今日の夜風など温かい、氷温の叱責。神聖語に宿る温度に、そぎ落とそうとした感情が逆にありあり浮かんだ。

修道服に身を包み、声色を変え、正体を隠したつもりでも、言葉に宿る品格、堪能な神聖語、纏う気配。気づかぬ訳がない。まだ十六であった聖女様は私の行いを慮り、声を掛けてくださった。

それからは大聖堂本堂では王国内で使われている聖詞のみ詠むことにしたが、あんなものに力はあるまい。


人質としてこの駐屯地にいる。見張りも付いている。禁書である本来の聖典の聖詞は、聞き咎められ処刑されてもおかしくない。

なんと愚かしい行為か。

それでもあの方を王城にお連れしたのは私だ。悲しい思い出話をしても泣けない小さな娘に平静と平穏を祈りたい。私にできるのは、祈ることだけだから。

頼る月明かりのない夜に、せめて聖典のお導きを。



・・・・・・・・・・・・・・・



——壊したいのなら、手に取るがよい——


ぴりと空気が締まった。いや、締まったのは、魔力だ。周囲の魔力が一層この部屋に集約される。白い髪から黒いドレスの裾、爪先まで、全身遍く白く光らせた僕の主は手をぴくと揺らした。

眼前の令嬢たち、女性八人に向けられていた意識が、振り返りもせず背後に向けられた。

隙がないと思われたエタの魔力が満ちるこの部屋に、穏やかに緩やかに清澄な気配が漂ってきたのだ。

それは早朝の森、ひんと冷えた空気に鼻の奥が痺れる中、突然口内、或いは喉か上顎が感じ取る甘い香り。何の疑問も抱かず側に来いと呼ぶ香りだ。

小さな体すべて花の中心まで埋め、招かれた羽虫は生殖の手助けとなるか、さもなければ丸ごと養分となるか。

気配は声を運ぶ。声は届く。届けるべき、自らが地に降ろした遣いに。


声は余韻を持つ。一度だけ、おそらくたった一度聞こえたその声が、頭では幾度も繰り返される。繰り返される情景。瞬きをする度に、エタの中では誰かが失われる。瞬きをしないこの瞬間もやはり、失われている。

命が、命が、命が。

守るために奪った命が。奪うために奪った命が。奪うことで守れなかった命が。いったい、何程の。

罪を背負わされたというのか。


主の手は動く、滑らかさを欠いた角張った動き。抗いながらも抗えない動き。手の動く先、行き着く先は、天。

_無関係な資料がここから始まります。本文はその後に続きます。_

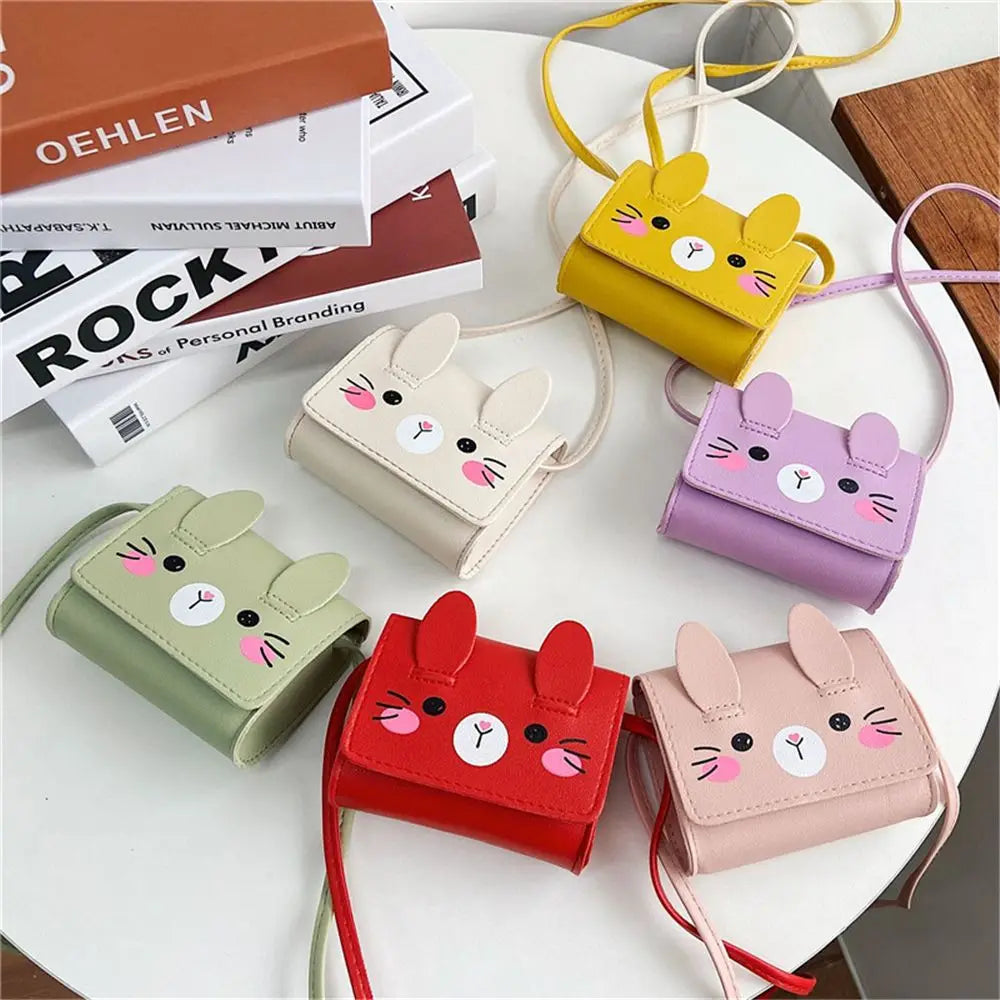 Children's Accessories Small Shoulder Bag | Cute Rabbit Baby Girls Small Crossbody Bags & Cartoon Kids Boys Mini Coin Purse Handbags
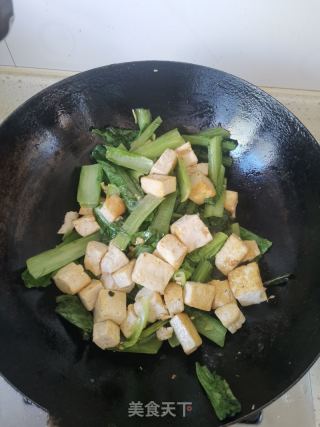 小白菜烧豆腐的做法步骤：6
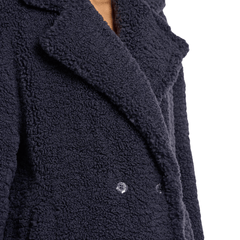 RINO&PELLE CAPPOTTO ELICIA TEDDY BLU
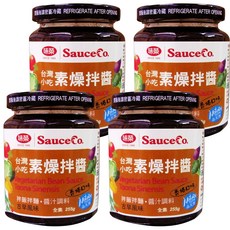 味榮 素燥拌醬, 天然香椿葉手工調製黑豆壺底醬油, 拌飯拌麵皆適用, 255g, 4罐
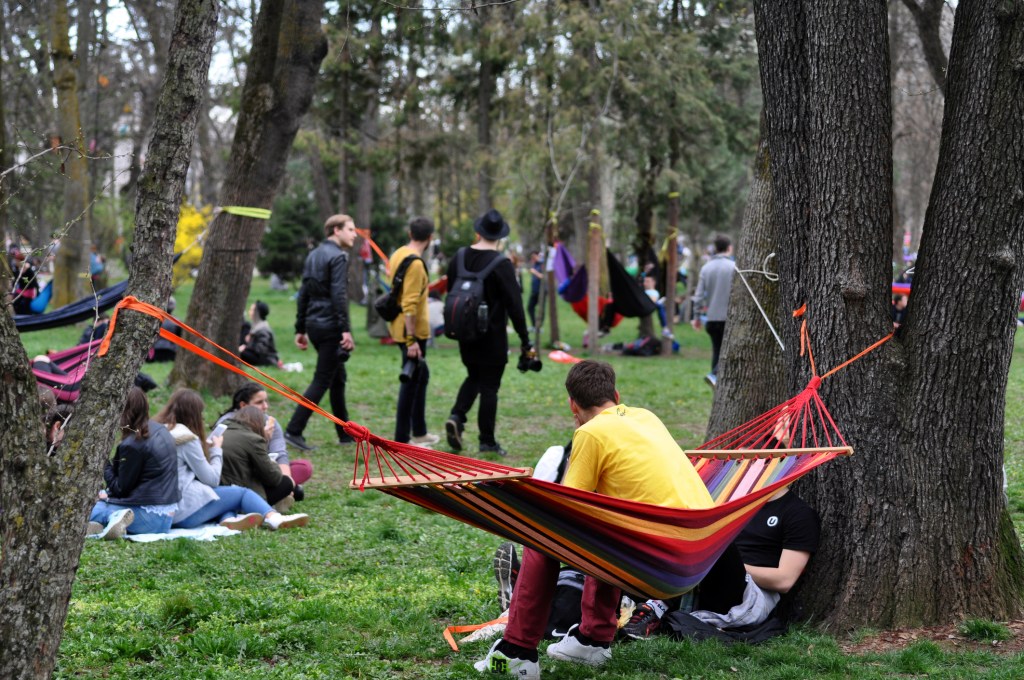 Parc din Cluj-Napoca. Fotografie de Salajean | Dreamstime.com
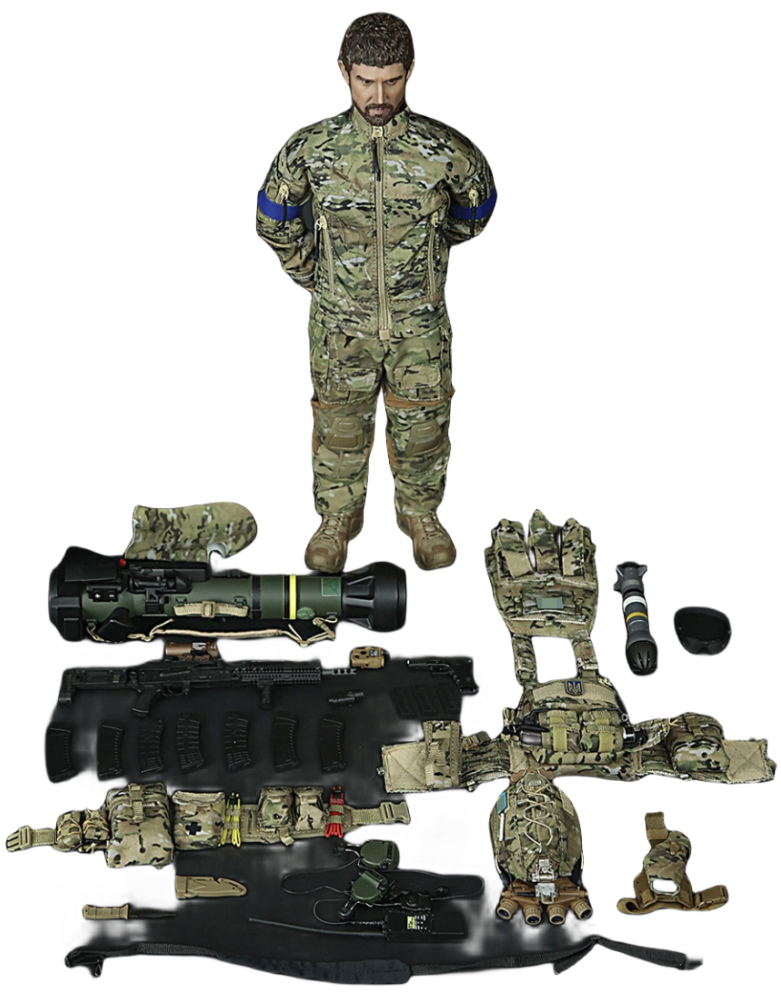 Mini Times Toys PMC in Likraine M047 1/6 Scale Male Action Figures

張り詰める。張り詰める。空気が、魔力が、エタが、エタ自身が。

願いを、望みを、役目を。

そのために、ここにきた。そのために、ここにいる。

そのために?

破滅を導くために、エタは生まれてきて、僕たちと育ってきたと?

違う。

漂う気配は本物だ。

だけど、違う。違う。違う!

神様は、唆したりなんかしないっ。


「エタ!」

叫び、飛びかかる。つま先立ちよりも高く、宙に浮かぶ主に、主の手に。両手を掲げてはいけない、聖具を呼んではいけない。今、怒りに我を忘れた今、それを手にすれば。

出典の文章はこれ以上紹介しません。